Paul Doornbbusch's Continuity 3 juxtaposed violently aggressive sounds generated by percussionist Timothy Phillips with a contemporaneous commentary that employed the musician's material as a basis for elaboration.
Along the same lines, Brigid Burke's Lands Collide utilised computer, live performance from the composer and percussionist Wendy Couch, and a series of slides that, in the context of the opening concert, shone out as humane in intent, making its individualistic and quiet statements on cultural intermingling and juxtapositions.
At other times, the musical content moved into the past, albeit a recent one, in particular when the sounds coming through the speakers took on the boppy cuteness of Hollywood music written for scenes with benign robots.

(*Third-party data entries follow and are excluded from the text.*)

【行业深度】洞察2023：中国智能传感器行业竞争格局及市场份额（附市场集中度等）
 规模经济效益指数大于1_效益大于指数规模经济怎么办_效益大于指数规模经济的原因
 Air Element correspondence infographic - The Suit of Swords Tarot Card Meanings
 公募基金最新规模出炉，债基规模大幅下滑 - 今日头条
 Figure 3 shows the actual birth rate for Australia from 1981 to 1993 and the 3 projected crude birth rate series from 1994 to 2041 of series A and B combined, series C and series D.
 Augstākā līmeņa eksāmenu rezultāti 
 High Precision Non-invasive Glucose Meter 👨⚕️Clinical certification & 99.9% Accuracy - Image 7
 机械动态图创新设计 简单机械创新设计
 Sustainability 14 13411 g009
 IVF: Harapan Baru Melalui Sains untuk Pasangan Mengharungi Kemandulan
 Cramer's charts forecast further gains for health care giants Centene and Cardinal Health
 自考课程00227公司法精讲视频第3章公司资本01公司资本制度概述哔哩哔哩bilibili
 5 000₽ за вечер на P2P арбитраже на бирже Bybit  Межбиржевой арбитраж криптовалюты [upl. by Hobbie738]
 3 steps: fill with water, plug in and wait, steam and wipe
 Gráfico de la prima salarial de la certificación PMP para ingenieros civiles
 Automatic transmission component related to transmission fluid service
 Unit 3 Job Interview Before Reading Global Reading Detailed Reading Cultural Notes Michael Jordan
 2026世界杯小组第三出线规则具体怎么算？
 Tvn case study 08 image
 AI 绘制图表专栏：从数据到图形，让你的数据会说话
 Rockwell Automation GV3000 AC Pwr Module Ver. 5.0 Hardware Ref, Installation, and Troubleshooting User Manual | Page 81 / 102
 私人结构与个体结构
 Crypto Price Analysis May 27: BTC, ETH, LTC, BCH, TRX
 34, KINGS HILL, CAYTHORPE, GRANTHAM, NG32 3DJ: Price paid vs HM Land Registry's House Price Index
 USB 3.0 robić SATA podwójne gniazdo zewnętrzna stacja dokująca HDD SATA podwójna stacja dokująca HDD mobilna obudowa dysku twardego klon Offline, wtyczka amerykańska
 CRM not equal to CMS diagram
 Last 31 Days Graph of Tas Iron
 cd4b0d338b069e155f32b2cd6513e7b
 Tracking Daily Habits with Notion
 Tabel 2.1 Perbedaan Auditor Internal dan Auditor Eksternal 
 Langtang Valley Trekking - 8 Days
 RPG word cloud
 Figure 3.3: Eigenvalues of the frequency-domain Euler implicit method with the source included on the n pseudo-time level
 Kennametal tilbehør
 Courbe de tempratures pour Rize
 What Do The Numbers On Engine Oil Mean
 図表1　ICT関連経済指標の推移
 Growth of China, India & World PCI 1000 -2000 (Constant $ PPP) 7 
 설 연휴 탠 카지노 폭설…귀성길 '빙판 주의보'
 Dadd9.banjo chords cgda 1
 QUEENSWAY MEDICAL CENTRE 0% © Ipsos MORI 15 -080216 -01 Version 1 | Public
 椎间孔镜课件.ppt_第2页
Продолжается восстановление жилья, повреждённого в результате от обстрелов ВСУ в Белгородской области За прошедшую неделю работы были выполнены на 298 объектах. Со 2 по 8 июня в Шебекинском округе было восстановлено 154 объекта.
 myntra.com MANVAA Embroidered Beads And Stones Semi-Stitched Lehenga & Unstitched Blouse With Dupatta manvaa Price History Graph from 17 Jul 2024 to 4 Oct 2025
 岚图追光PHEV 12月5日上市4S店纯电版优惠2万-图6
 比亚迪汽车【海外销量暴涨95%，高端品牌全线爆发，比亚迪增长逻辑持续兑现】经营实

Every so often, this listener's receptivity channels became muddled with reminiscences of Forbidden Planet, or worse, Lost in Space.
Computer music composers have at their disposal an unparalleled wealth of resources, along with absolute authority.
If something goes wrong with the equipment, of course a technician can be blamed; but if the work turns out to be trivial, there is no hiding behind a performer's lack of sympathy.
Much of this music impresses as cloudy; you hear plenty of intriguing chains of ideas, sonorous sequences put alongside each other, but without many signs of cumulative development beyond all-too-predictable crescendos and an almost compulsory dying-out of sound to inaudibility.
Nothing I heard had the some overwhelming effect as that of Richard Moore's Antediluvian Groove at the 1981 conference.
On the other hand, while quite a few works over last weekend presented puzzles, it is hard to recall one that outlived its welcome.
If left bemused by the sometimes unadventurous nature of the music-making, you could certainly not complain about a lack of variety.
But, even with limited exposure, I was surprised to find that the same focus has been maintained over a 20-year period. To many practitioners and admirers of this school of music, clearly the creative process is still of more interest than the result.